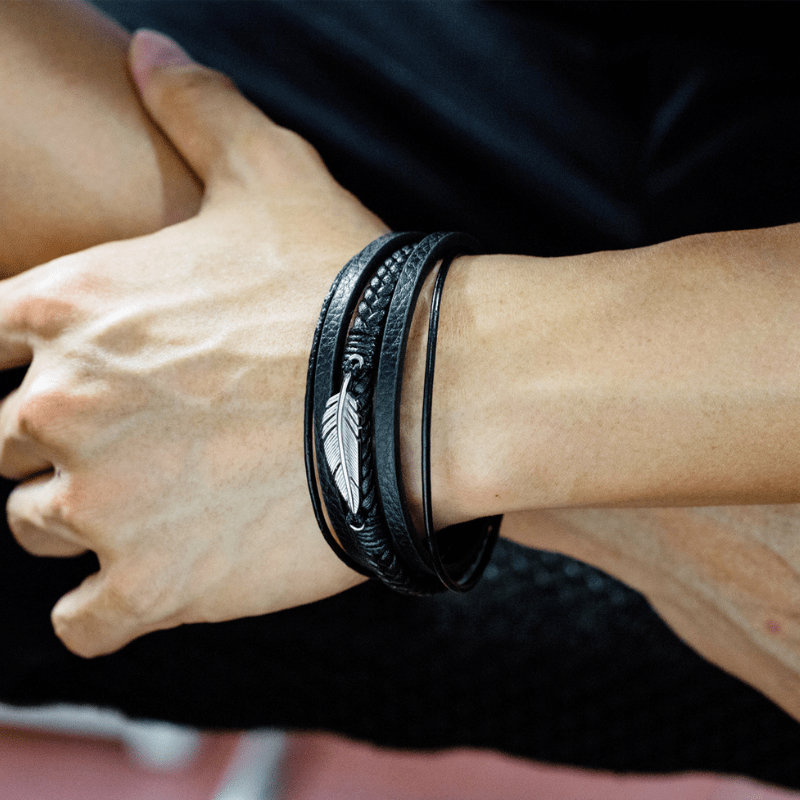Bracelet Cuir et Plume en Acier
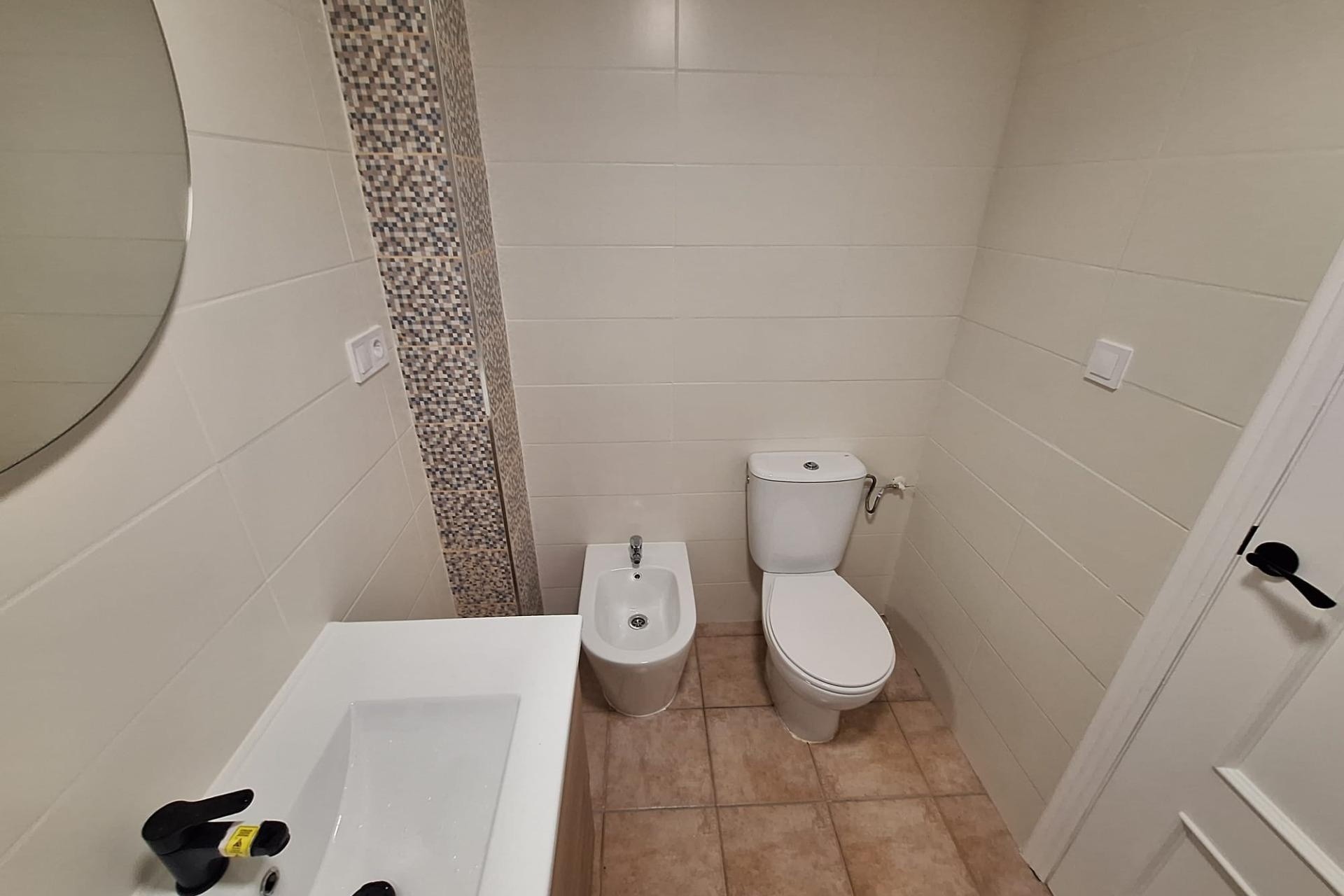Resale - Apartment / Flat -
Torrevieja - Sector 25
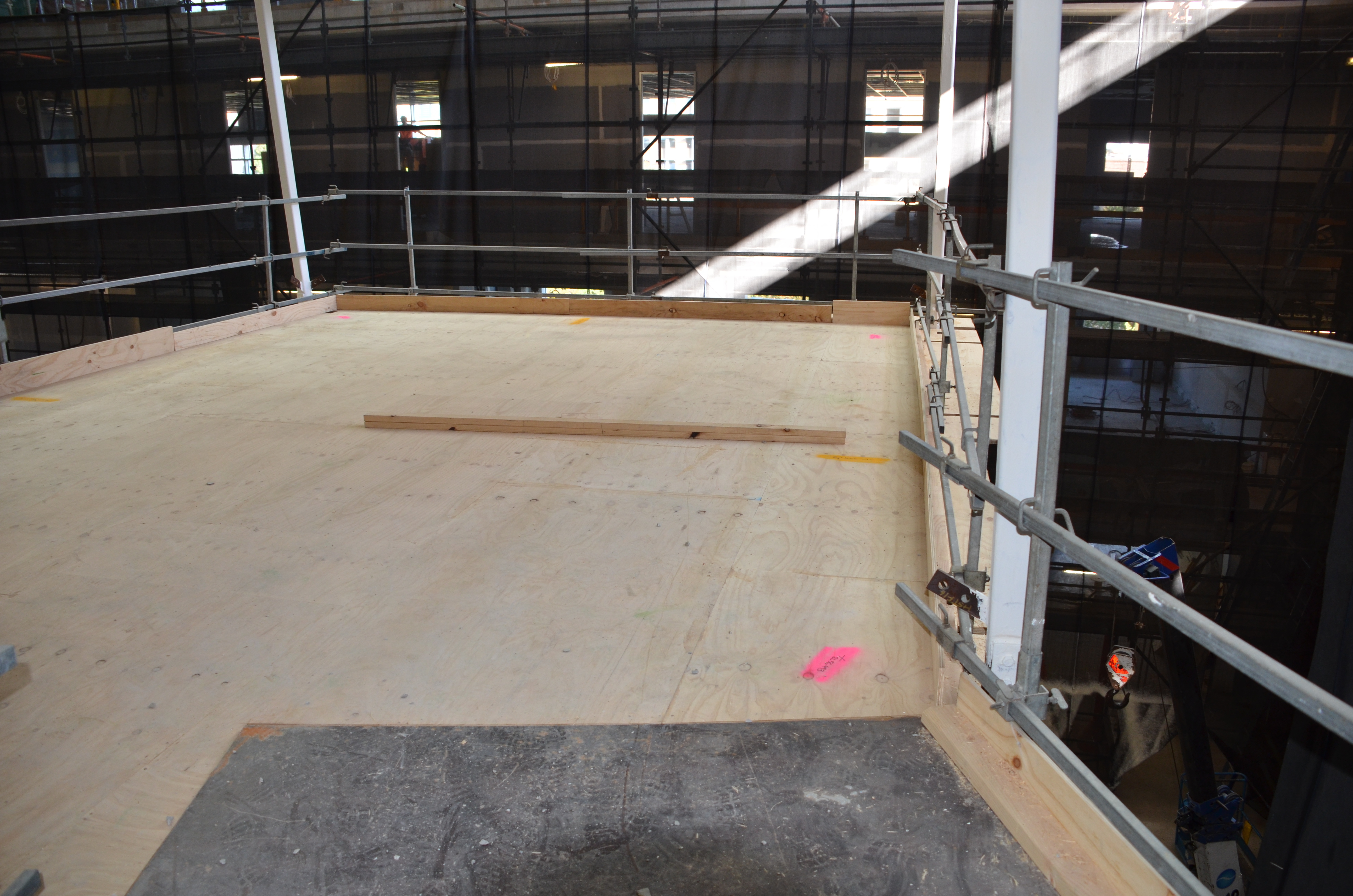 https://archive.abp.unimelb.edu.au/objects/images/Construction/Images/Hanging studio/Timber floors and plywood/DSC_6815.JPG https://archive.abp.unimelb.edu.au/objects/images/Construction/Images/Hanging studio/Timber floors and plywood/DSC_6815.JPG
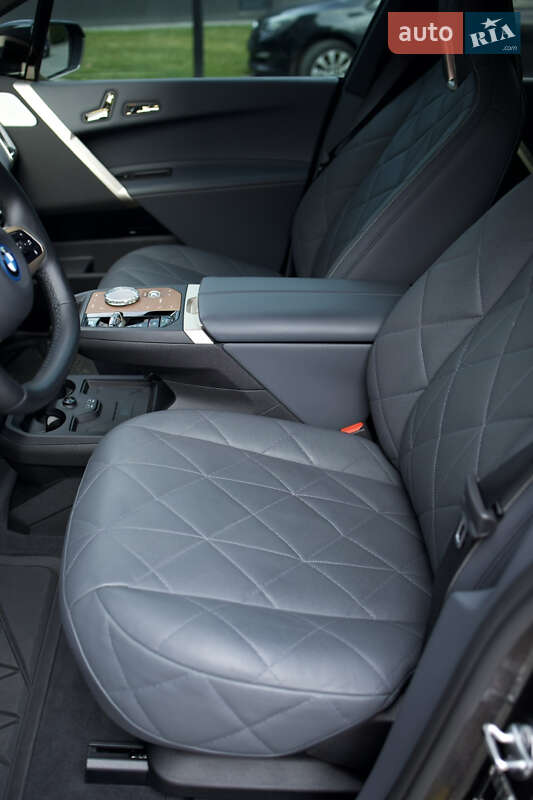 Внедорожник / Кроссовер BMW iX 2023 в Ужгороде
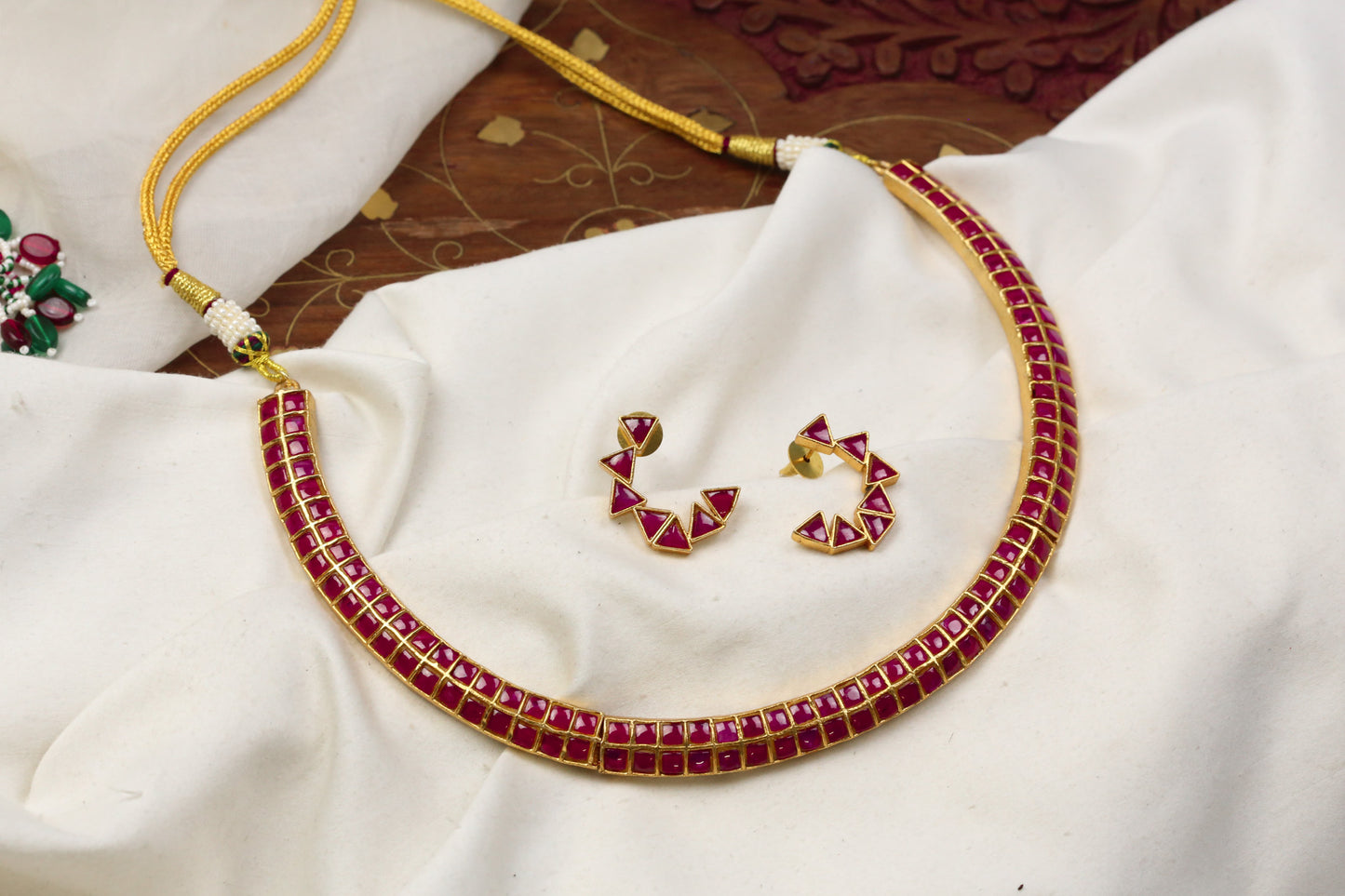 Rupa Kundan Jadau Hasli Necklace Set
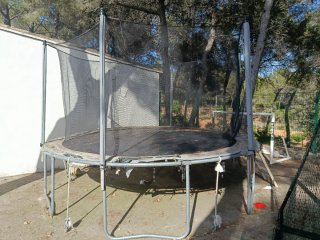 Colchoneta elástica con red de seguridad
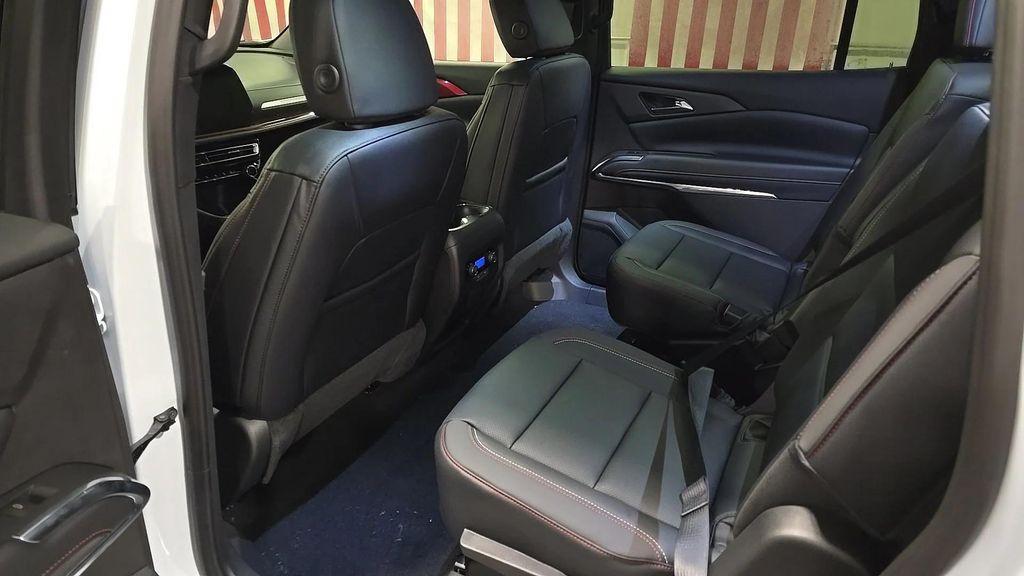 new 2026 Chevrolet Traverse car, priced at $51,515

* * * * *

» Task directions
Set down the records precisely as they appear. Any picture stays out.

» Solution to the problem
Bracelet Cuir et Plume en Acier
Resale - Apartment / Flat -
Torrevieja - Sector 25
 https://archive.abp.unimelb.edu.au/objects/images/Construction/Images/Hanging studio/Timber floors and plywood/DSC_6815.JPG https://archive.abp.unimelb.edu.au/objects/images/Construction/Images/Hanging studio/Timber floors and plywood/DSC_6815.JPG
 Внедорожник / Кроссовер BMW iX 2023 в Ужгороде
 Rupa Kundan Jadau Hasli Necklace Set
 Colchoneta elástica con red de seguridad
 new 2026 Chevrolet Traverse car, priced at $51,515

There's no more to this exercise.